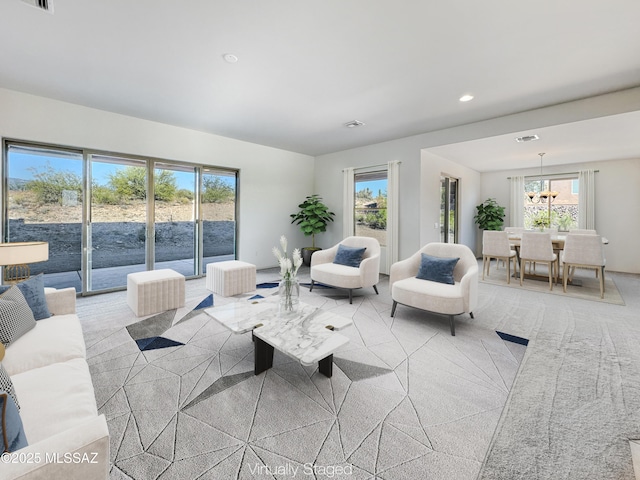 living room with an inviting chandelier and light carpet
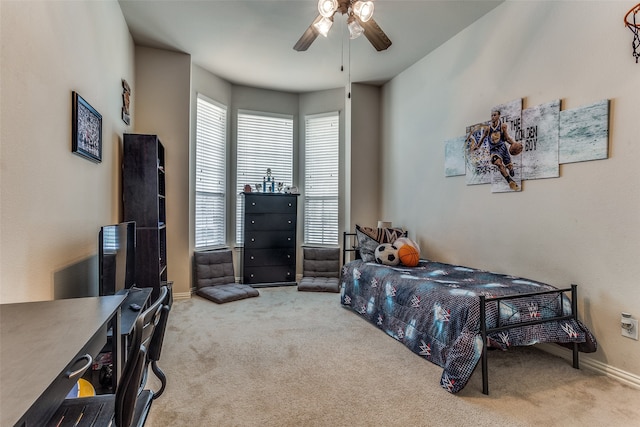 bedroom with light carpet and ceiling fan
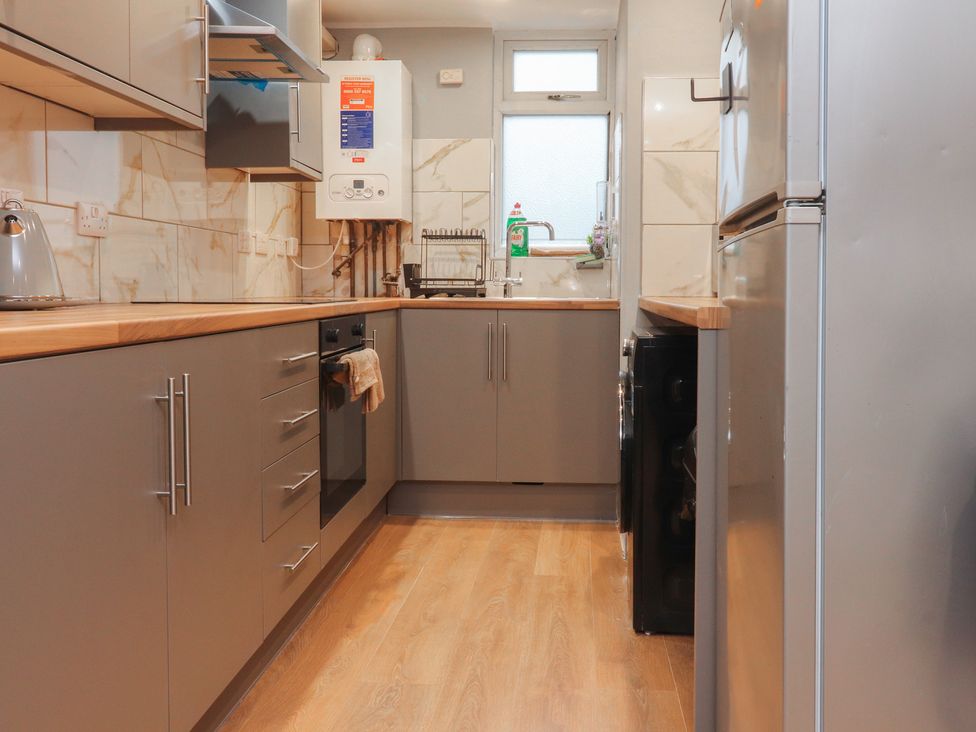 A kitchen with appliances and wooden countertops at 38a Yorkshire Street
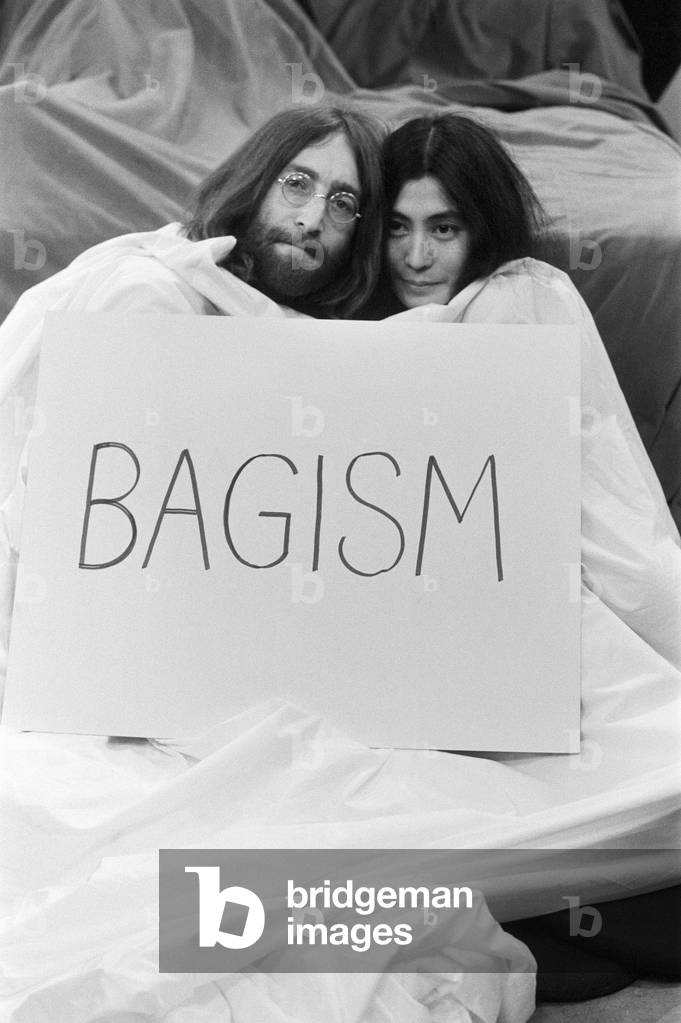 John Lennon and Yoko Ono appear on Thames Television's 'Today' programme with Eamonn Andrews. Eamonn started the programme in a bed and was joined by John and Yoko who emerged out of a bag at the bottom of the bed. 1st April 1969 (b/w photo)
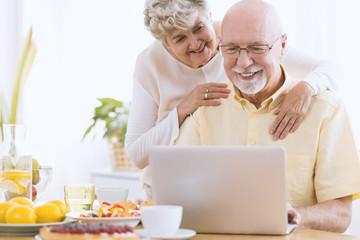 Senior marriage looking on laptop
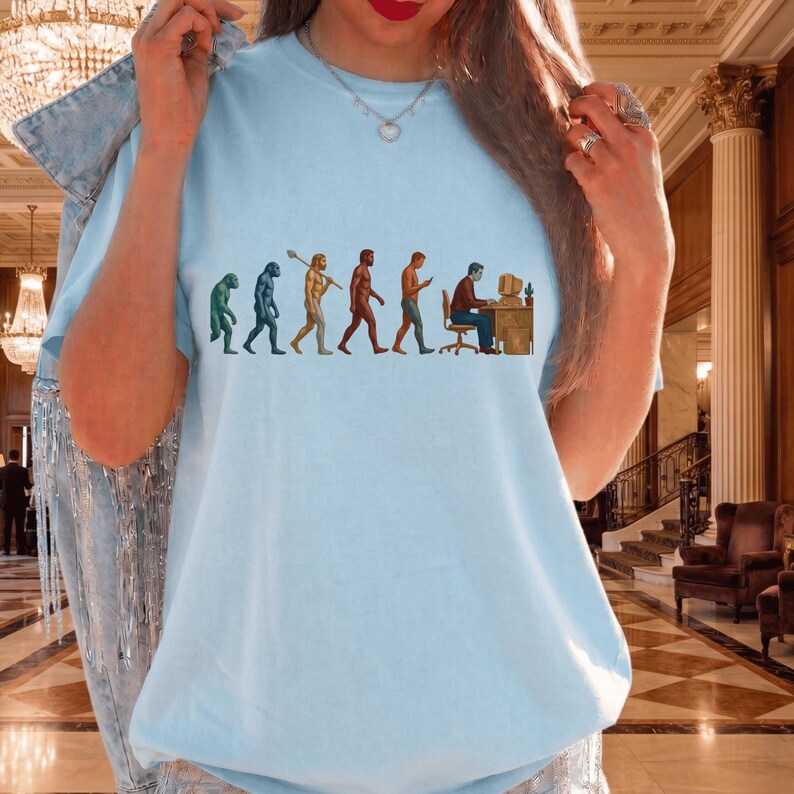 Pode incluir: Uma t-shirt azul claro com uma estampa gr&aacute;fica da evolu&ccedil;&atilde;o humana. O design mostra uma progress&atilde;o de um primata para um humano moderno sentado a uma secret&aacute;ria com um computador. A t-shirt tem um decote redondo e mangas curtas.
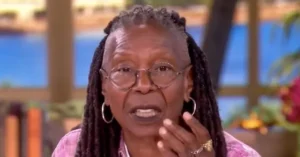 The image shows a person with long braided hair, wearing glasses and a pink top, speaking with their hand near their mouth.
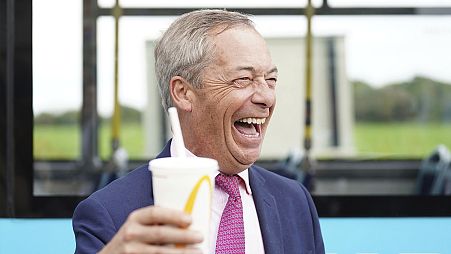 Leader of Reform UK Nigel Farage holds a banana milkshake in Jaywick, Essex, 4 June 2024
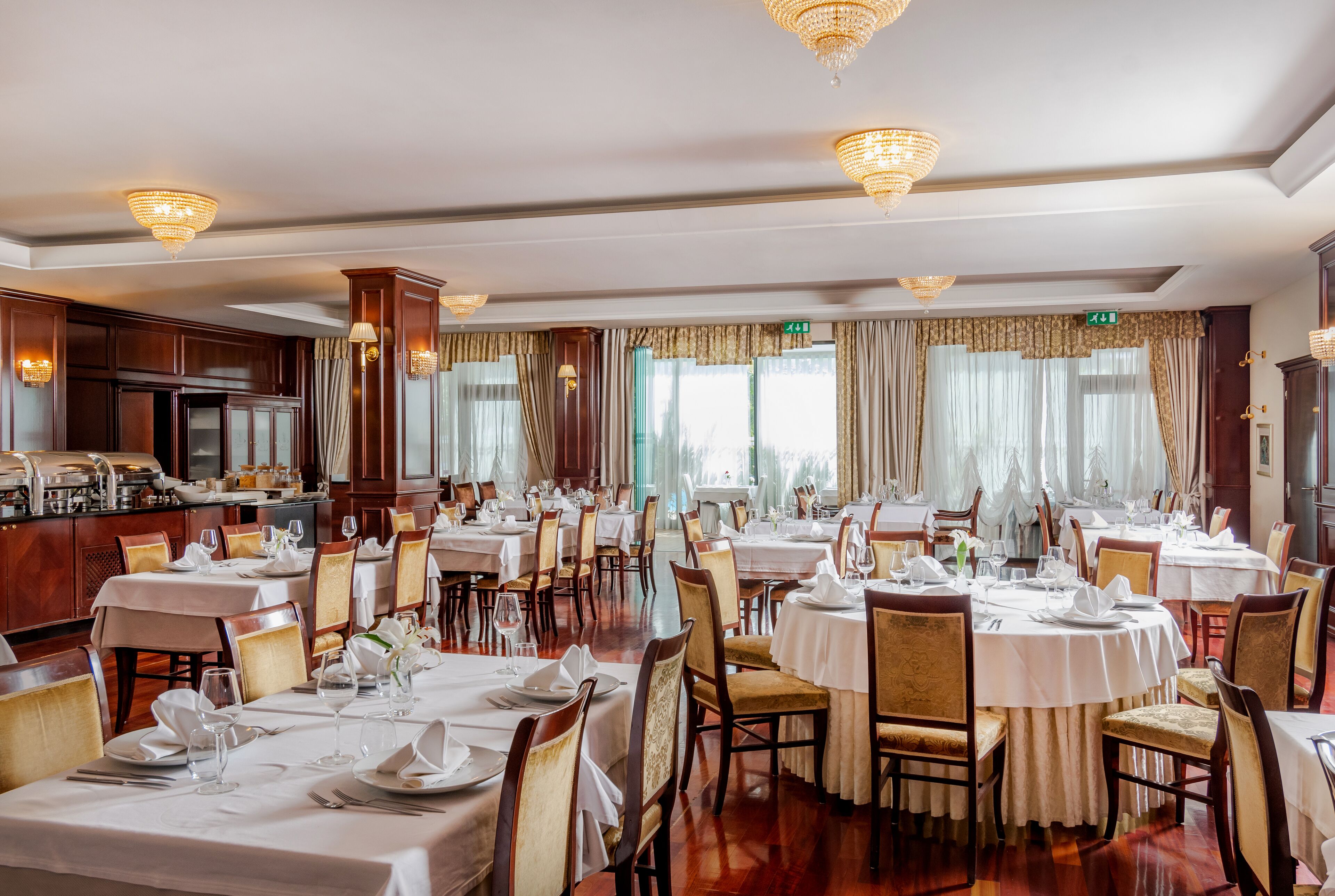 A formal dining room with round tables, chairs, and chandeliers.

● ● ● ● ●

TASK PROMPT: Retype the listing verbatim, minus every image.

EXERCISE RESULT:
 living room with an inviting chandelier and light carpet
 bedroom with light carpet and ceiling fan
 A kitchen with appliances and wooden countertops at 38a Yorkshire Street
 John Lennon and Yoko Ono appear on Thames Television's 'Today' programme with Eamonn Andrews. Eamonn started the programme in a bed and was joined by John and Yoko who emerged out of a bag at the bottom of the bed. 1st April 1969 (b/w photo)
 Senior marriage looking on laptop
 Pode incluir: Uma t-shirt azul claro com uma estampa gr&aacute;fica da evolu&ccedil;&atilde;o humana. O design mostra uma progress&atilde;o de um primata para um humano moderno sentado a uma secret&aacute;ria com um computador. A t-shirt tem um decote redondo e mangas curtas.
 The image shows a person with long braided hair, wearing glasses and a pink top, speaking with their hand near their mouth.
 Leader of Reform UK Nigel Farage holds a banana milkshake in Jaywick, Essex, 4 June 2024
 A formal dining room with round tables, chairs, and chandeliers.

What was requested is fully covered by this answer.